— Task instructions —
Exact transcription, pictures omitted: reproduce the listing below.

§

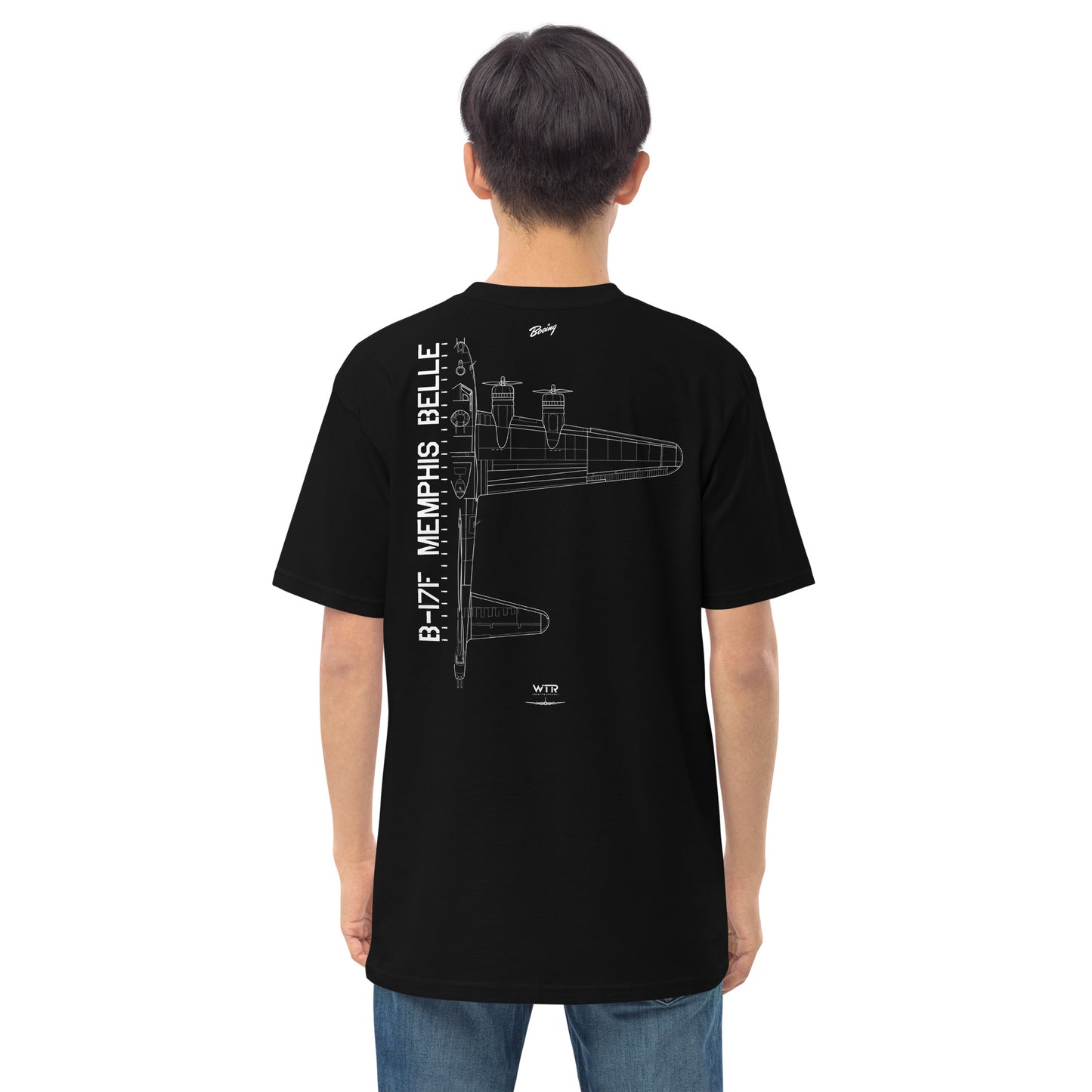 Boeing B-17F Flying Fortress Memphis Belle Edition Hand-Drawn Black T-Shirt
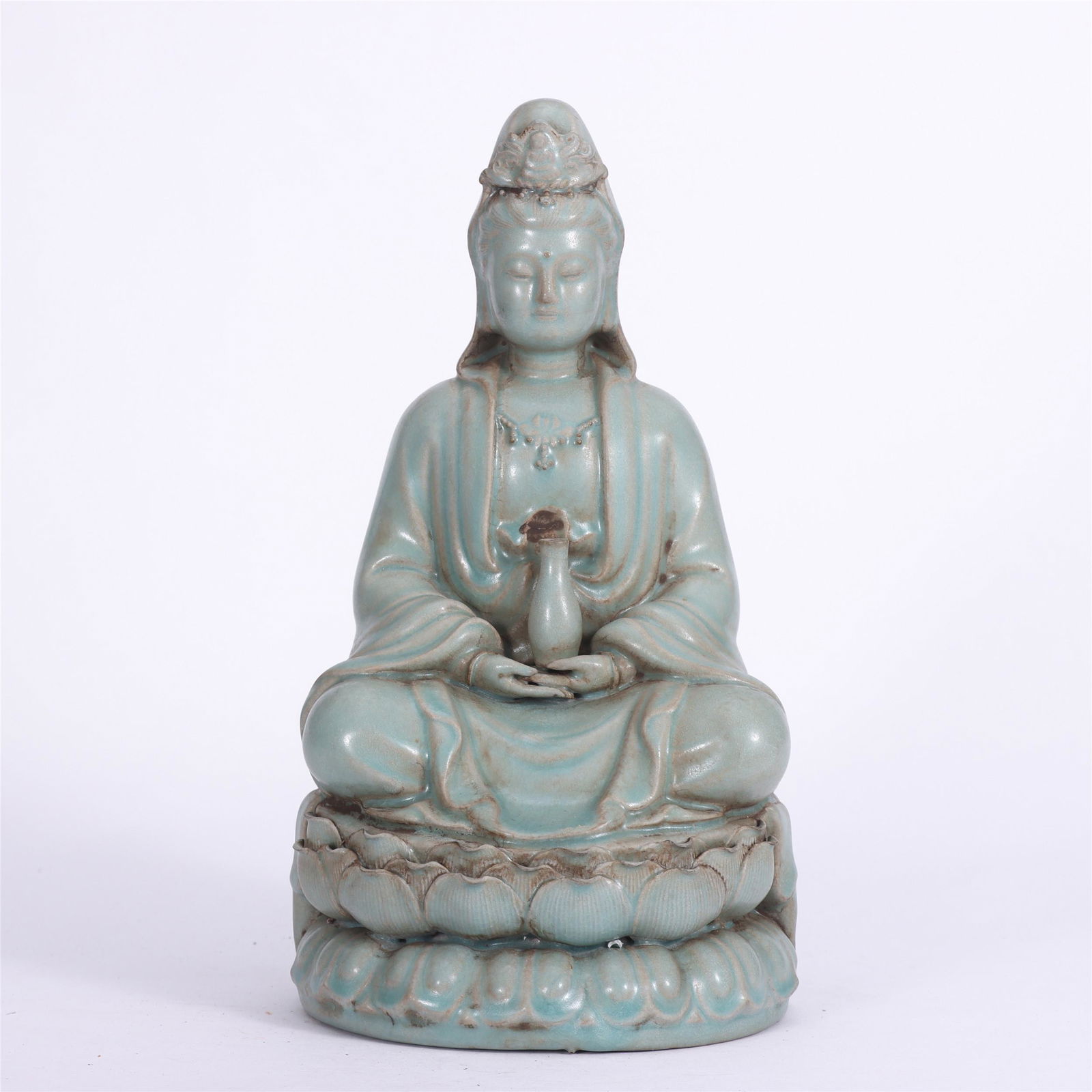 A CHINESE RU TYPE GLAZE PORCELAIN GUANYIN BUDDHA STATUE (1 of 7)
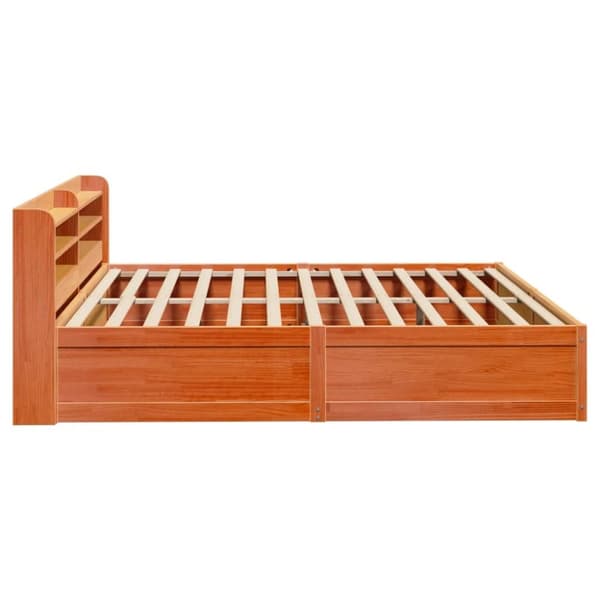 vidaXL Sängynrunko päädyllä vahanruskea 200x200 cm täysi mänty
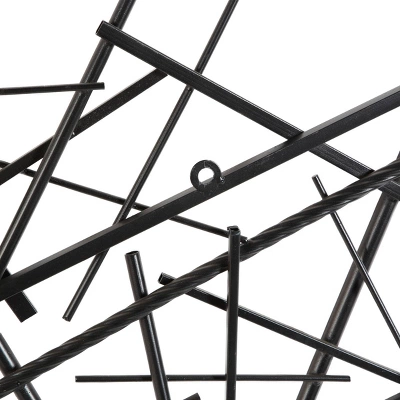 Metal Geometric Overlapping Lines Wall Decor Dark Gray - Olivia & May 4 Metal Geometric Overlapping Lines Wall Decor Dark Gray - Olivia & May - Image 2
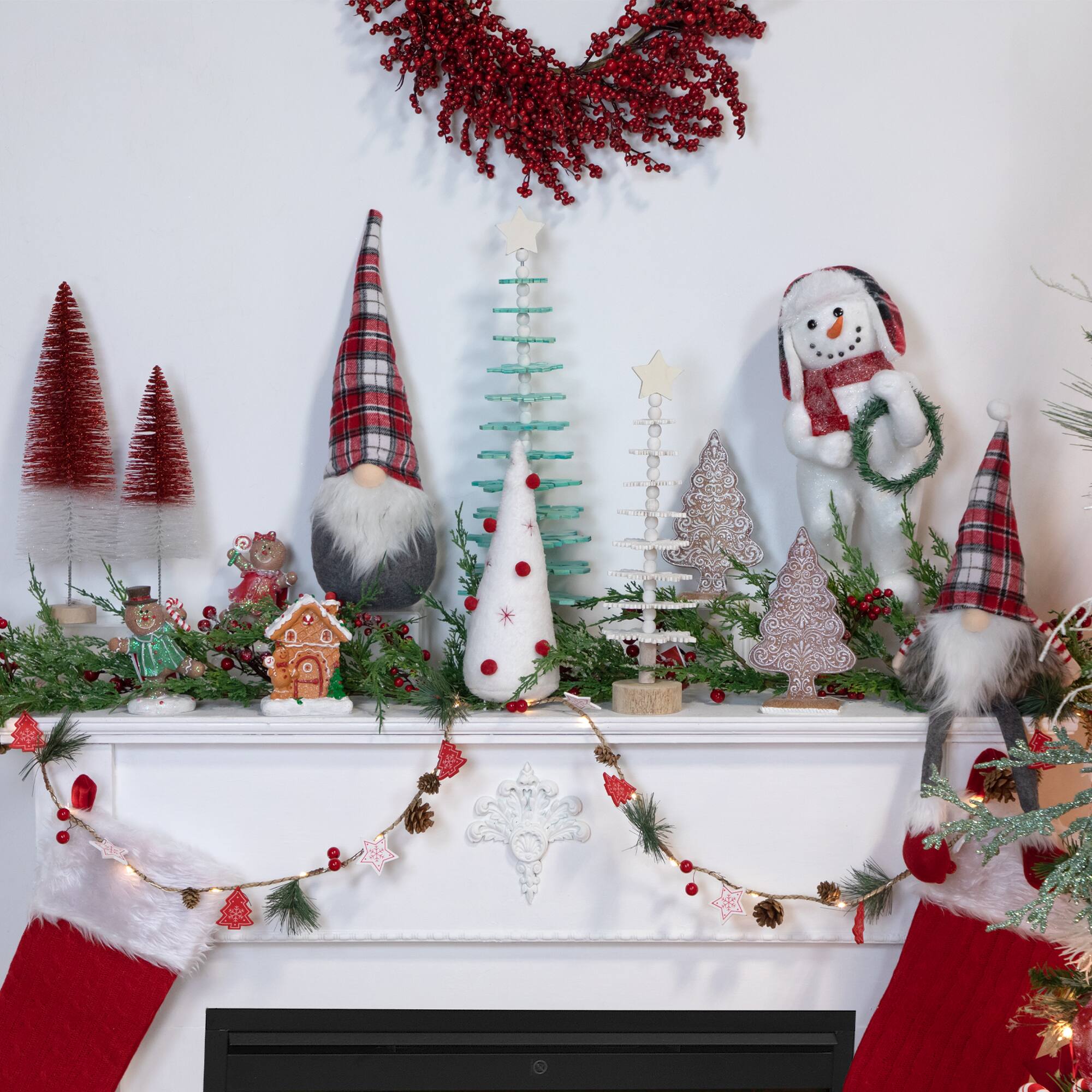 12" Red & White Glittered Bottlebrush Christmas Tree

§

— Answer to this problem —
 Boeing B-17F Flying Fortress Memphis Belle Edition Hand-Drawn Black T-Shirt
 A CHINESE RU TYPE GLAZE PORCELAIN GUANYIN BUDDHA STATUE (1 of 7)
 vidaXL Sängynrunko päädyllä vahanruskea 200x200 cm täysi mänty
 Metal Geometric Overlapping Lines Wall Decor Dark Gray - Olivia & May 4 Metal Geometric Overlapping Lines Wall Decor Dark Gray - Olivia & May - Image 2
 12" Red & White Glittered Bottlebrush Christmas Tree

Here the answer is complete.